こんにちは、うどんです。え?また垣谷美雨さんですよ。
そして、今回はまさに「子育て小説」として、どんぴしゃなタイトル、「子育てはもう卒業します」!
3人の大学時代の同級生女性たちのそれぞれの子育てが描かれています。
かなり厳選されているものの、なんせ3家族分、大学時代から子育て終了までの期間が描かれているわけなので、登場人物は多めです。
ちなみに、このブログでメインとしている「ワーママ」は出てきません。
子どもが手を離れてから、それぞれに仕事は持つものの、子育て期間中はいわゆる専業主婦です。
それも当然で、主人公たちの年齢を考えると専業主婦が圧倒的にメジャーだった時代。
なので、今のワーママの母親らへんに近い生き方です。
ワーママではないけれど、子育ての気苦労はもう果てしなく共感できるし、生活やお金の苦労も、生々しくて、もうたまりません!
今回もほどほどにネタバレしていますよ!ご注意ください。
子育てと自分の人生の距離感って変化するらしい
子どもを生む前、人生は自分のもの!だった?
この小説では、3人の女性が主人公として描かれています。
かつて同じ都内の私立大学に通っていた、地方出身の3人、淳子、明美、紫、です。
それぞれの話は、本書で読んでいただくとして割愛しますが、学生生活は3人ともけっこうエンジョイします。
紫あたりは、格式高い実家で生まれ育っていますが、いずれにせよ親元離れた学生時代、3人とも十分な仕送りももらって、勉強はそこそこにしっかり遊んでます。

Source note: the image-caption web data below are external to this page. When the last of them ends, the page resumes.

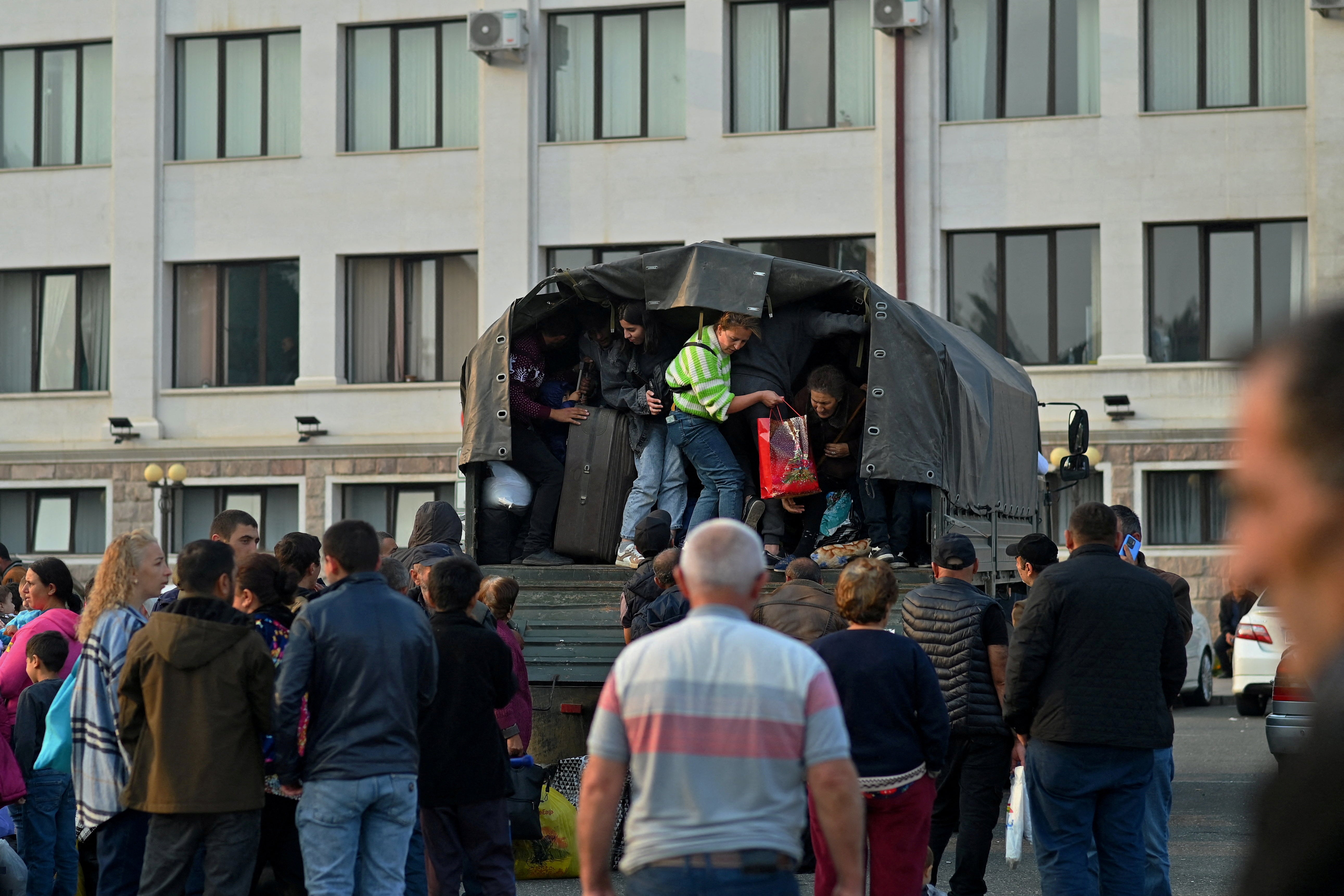 Residents board a vehicle in central Stepanakert before leaving Nagorno-Karabakh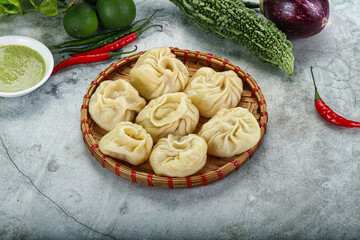 Nepali steamed dumplings  Momo with sause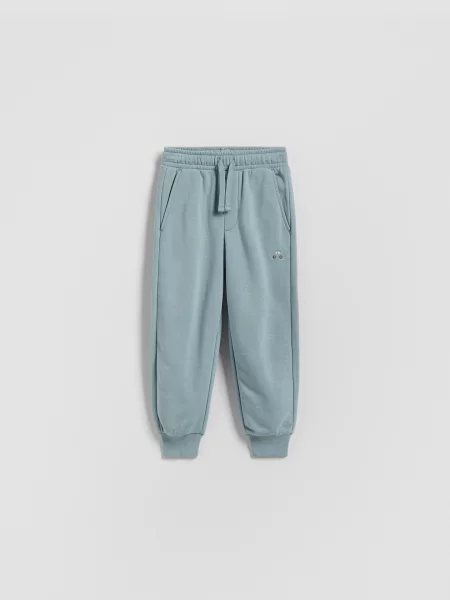 Reserved jogger kalhoty světle modrá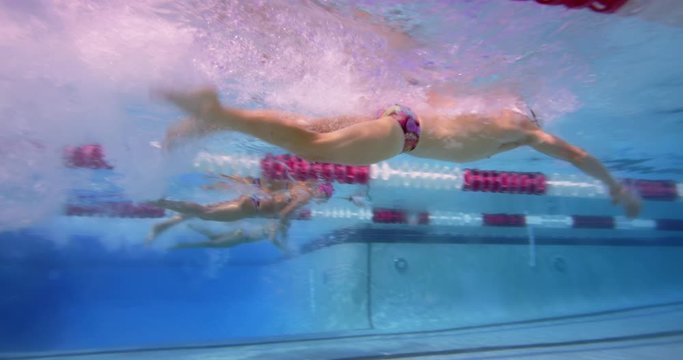 Three swimmers diving in pool underwater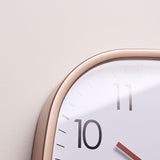 Silent wall clock hung in a living room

この後のことを考えると、ほんとつかの間の学生時代、しっかり友だち同士で楽しんでおくのって大事!
当時の女性の就職状況は涙なしには読めません
そんな3人もいざ就職活動!となった時に、驚くべき現実に直面します。
「自宅通勤にかぎる」
正直、私も本書を読むまで、日本の就職活動でこんなにわかりやすく女子を差別しているなんて知りませんでした。

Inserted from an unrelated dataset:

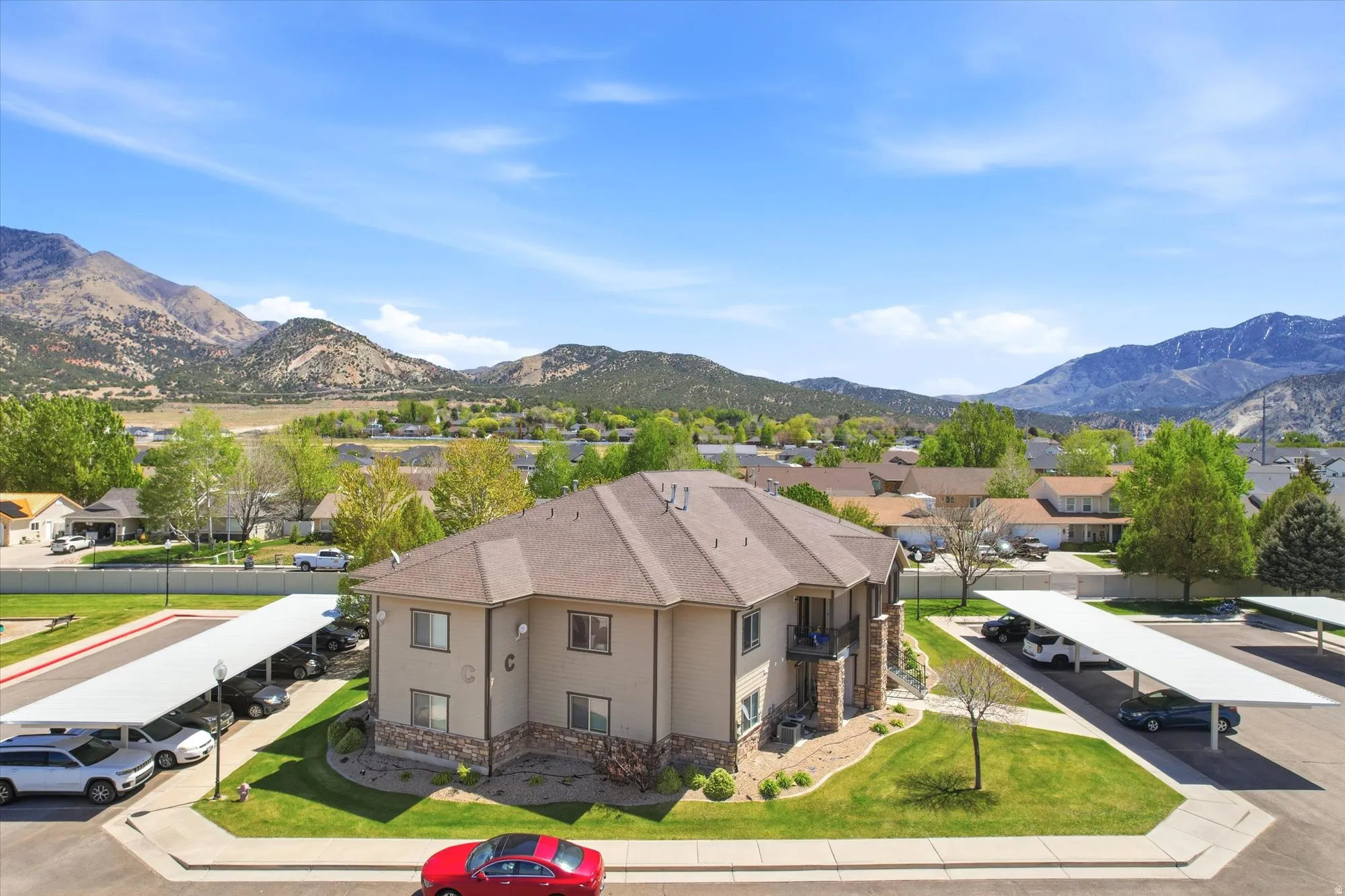 View of mountain backdrop with nearby suburban area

今でこそ、「ワーママ」も登場するくらい女性の社会進出も進んできたけれど、ほんの数年前までは、妊娠したらそこで仕事をやめるのが常識。
さらに、その前は、結婚したらやめるのが常識。
そんな時代、大学を出て女性が働こうとしてもまともな働き口がない。
そして、結局大学を出ても出てなくても関係ないような仕事について、そこですら男性職員と差別されて、追い詰められた末の寿退社…
そりゃ、男女雇用機会均等法も作られますよね(あ、正確な年代とかはつっこまないでください)。

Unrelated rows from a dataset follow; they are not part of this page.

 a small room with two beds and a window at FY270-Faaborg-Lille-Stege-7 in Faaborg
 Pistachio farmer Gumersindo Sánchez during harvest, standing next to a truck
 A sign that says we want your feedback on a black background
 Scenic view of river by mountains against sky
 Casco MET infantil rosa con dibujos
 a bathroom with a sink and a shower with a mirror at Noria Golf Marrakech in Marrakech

自分の母親は、ワーママで当時のマイノリティだったせいか相当ぶっ飛んでると思ってたけど、かと言って、田舎の専業主婦だった義母とは当然価値観が合わない。
それくらい、女性の働き方、生き方の価値観って、この数十年で激変してるんですよね。
同じ価値観なわけがない。
それをわかっていても、それでもわかり合えないくらい、「違う」。
だからこそ、こんな風に当時の状況がリアルに感じられると、やっと共感できるんです。
そういう意味で、親世代の価値観を知るというか、親世代の目線になれる、貴重な小説です。
3人が就活でいきどおる様子は、絶対みんな共感できるはず。
そしたら、親世代で就職した人、就職しなかった人、それぞれの理由にも、なんか納得できる気がするんだよね。
「子育て中」は人生の中心はまさに子育て…
そんな3人も、それぞれ一応就職して、結婚して妊娠して退職して、25-26歳で出産します。
こうやって書くと、やっぱり今に比べたら圧倒的に若い!
大卒で就職した女の子が、26歳で出産て、早すぎでしょ!って言いたくなるけど、実際は妊娠適齢期バッチリなんですよね…。
そして、子育てが始まりますが、みんな専業主婦なので、もちろん旦那の稼ぎに頼っています。
そして、やはり若い頃なので、旦那の稼ぎ自体もそれほどないとなると、それぞれに苦労します。
家が狭いとか、子どもの教育費とか、何より子どもの進学だとか、そのために、義実家と折り合いをつけて生活したり、子どもを赤ちゃんモデルにさせてみたり…
今まさに「子育て世帯」の方は、共感したり、「その手があったか」となるのかもしれません。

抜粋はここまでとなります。